Nah berikut ini pengalaman pribadi yang cukup menarik, berkaitan dengan Shia shen, yg terjadi 2 tahun yg lalu.
Waktu itu saya berkunjung ke Bali dan ketemu teman lama yang menikah dengan putri dari Bali.
Dia dengan background K******k, tapi setelah menikah menjadi tidak jelas orientasinya. Dari cerita bersambung cerita, dia bertanya: "mau ngga lihat sebuah pura milik pribadi, tetapi selain dewa dewi Hindu yg dipuja disitu , juga Bodhisattva Kuan Im. Pemiliknya sepasang suami istri asli Bali, dan sangat baik pada siapa saja."
Karena tidak ada acara apa apa, keesokan harinya kita berdua meluncur ke desa yg cukup jauh dari Kuta, ada dibawah pura Besakih, Gn. Agung.
Kami sampai di desa tersebut, sudah menjelang senja, dengan udara yang cukup dingin.
Ibu Jero, demikian biasa dipanggil oleh orang orang sekitarnya, menyambut kami dengan ramah, mempersilahkan duduk di serambi rumahnya disebelah kompleks pura pribadi, yang ternyata sedang ada acara sembahyangan.

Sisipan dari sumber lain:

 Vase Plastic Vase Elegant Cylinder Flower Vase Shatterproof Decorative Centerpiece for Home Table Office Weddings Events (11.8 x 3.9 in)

Setelah saling berkenalan ibu Jero mohon maaf untuk mohon diri karena upacara sudah akan dimulai, dan mempersilahkan kita untuk minum dan menikmati snack yang telah dihidangkan.
Kurang lebih satu jam kita menunggu, tiba tiba seorang pria keluar dari pura mendatangi kami, dan mengatakan bahwa kami berdua diundang untuk masuk ke pura, padahal kami tidak punya persiapan untuk masuk pura yaitu memakai sarung Bali dengan ikat pinggang putih. Waktu saya menyatakan bahwa kami tidak membawa sarong dan ikat pinggang; utusan ke dua datang dan mengatakan tidak perlu pakai sarung dan ikat pinggang. Akhirnya kami masuk kedalam pura dan diminta duduk di depan.

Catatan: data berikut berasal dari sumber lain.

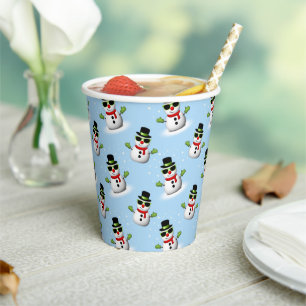 Cool Snowman Christmas Winter blue pattern Paper Cups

Ternyata ibu Jero yang sedang dalam kondisi trance, dengan mata terpejam dia berkata (suaranya berbeda dengan suara pada waktu berbincang bincang dengan kami). "Romo, saya hanya menyampaikan permintaan. Itu diluar pagar ada 2 panglima perang dengan ratusan prajuritnya yang memohon agar dapat dibebaskan dari sumpah setianya kepada romo".
Ditengah kebingungan, saya bilang : "Bu Jero, saya tidak melihat apa apa diluar pagar, dan saya tidak pernah punya prajurit"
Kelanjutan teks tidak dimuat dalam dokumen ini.